Daniel Farey-Jones: Data and Direct bulletin editor
Daniel Farey-Jones: Data and Direct bulletin editor
A view from Daniel Farey-Jones

Publishers on slow road to data marketplace?

Amid the increasing hype around the intersection between data and media buying, there was a useful reality check last Friday at the annual gathering of online publishers, the AOP Summit.

Data has clearly moved up the AOP’s agenda.
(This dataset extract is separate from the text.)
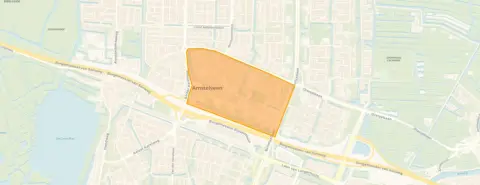 Buurt Stadshart, Amstelveen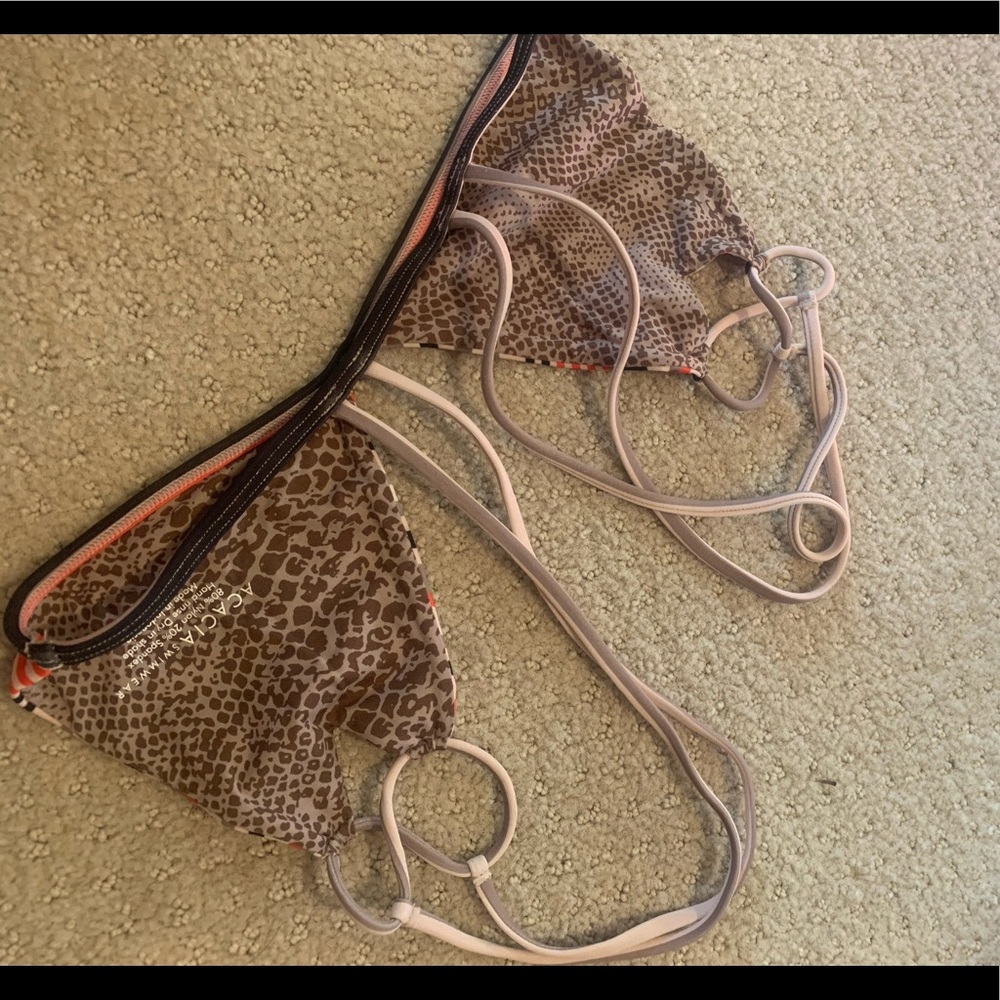 Acacia Swimwear Top - Picture 2 of 4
Last year it was not judged worthy of a session but this year there were two, including an hour-long panel on data trading.

Publishers on the panel were enthusiastic about the opportunities for selling information about their audience to media agencies, especially Richard Foster from Future, but were far from doe-eyed.
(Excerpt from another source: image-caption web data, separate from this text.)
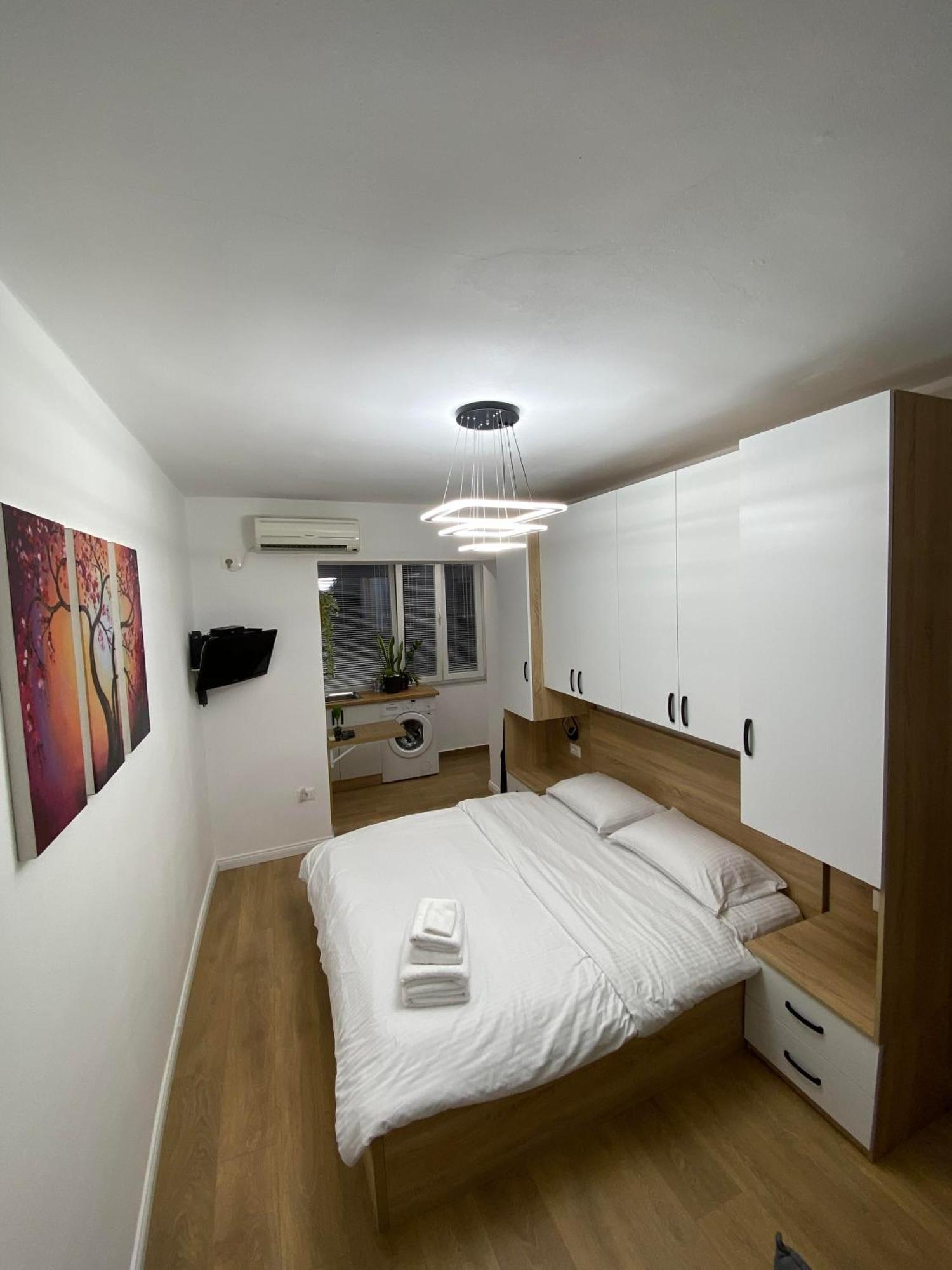 Tirana Apartment Экстерьер фото
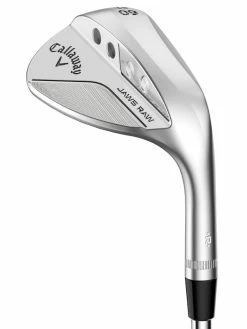 Callaway Jaws Raw Wedge - Chrome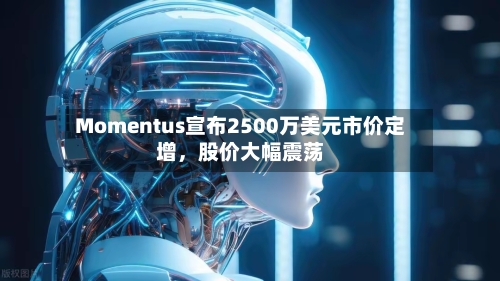 Momentus宣布2500万美元市价定增	，股价大幅震荡-第2张图片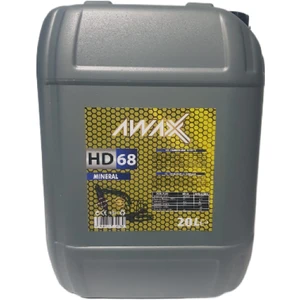 Hd/68 20 Litre Hidrolik Yağ( Üretim Yılı: 2023 )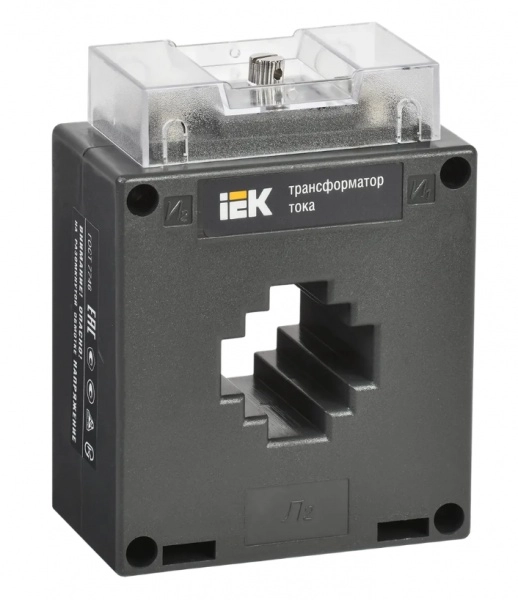 Трансформатор тока IEK  ТТИ-30  200/5  5ВА класс точности 0,5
Foster, who as digital director at Future has the benefit of dealing directly with agency trading desks, told panel moderator Matt O’Neill that the market was "nascent" and his company was still feeling its way in establishing a settled pricing structure.

The impression that publishers have their work cut out to make serious profit from trading data was reinforced when Foster highlighted the complexity for publishers of getting their own technology to engage with third parties and how the sector was not able to access finance as easily as more fashionable new entrants in the online ecosystem.

In addition, the need to learn to walk before you can run was the message coming from the panel’s other publishing representative, Marcus Wilkinson.

Wilkinson, publishing director at the more business audience-focused IDG UK, stressed the importance of exploiting data well for internal purposes before being able to work out "the true value in terms of putting it outside the organisation".

When I asked members of the panel what progress they had made in integrating their offline and online data, Wilkinson candidly admitted the process of bringing "seven or eight sources" together had taken at least "a couple of years" and the system, while "an amazing tool", had initially suffered from an overly-complex interface.

As for the idea of monetising this effort by selling some of the data to advertisers, Wilkinson said IDG was experimenting but, cautioning that publishers should be careful to establish a premium for data at the beginning of the market, added he was keeping close control of it.

With many publishers still grappling with such issues, there may be no overnight take-off in the size of the marketplace - as the more places agencies have to go to get data, and the harder different sources are to compare, the more prohibitive the cost of trying to target their ads.

This was a point made earlier in the day by ITV’s managing director of commercial and online Fru Hazlitt and again in the 'Dealing in Data' session by VivaKi’s head of product, audience on demand, Paul Silver.

"What is critical, is whatever we do as broadcasters and publishers, we still need to work on a common targeting approach," she said.

"We need there to be one [standard approach] across all major publishers, agencies and advertisers, so that it reduces transaction costs and really does create value."

Silver called for "some common langugage" and structure, claiming "the third party data space feels a bit like the wild west".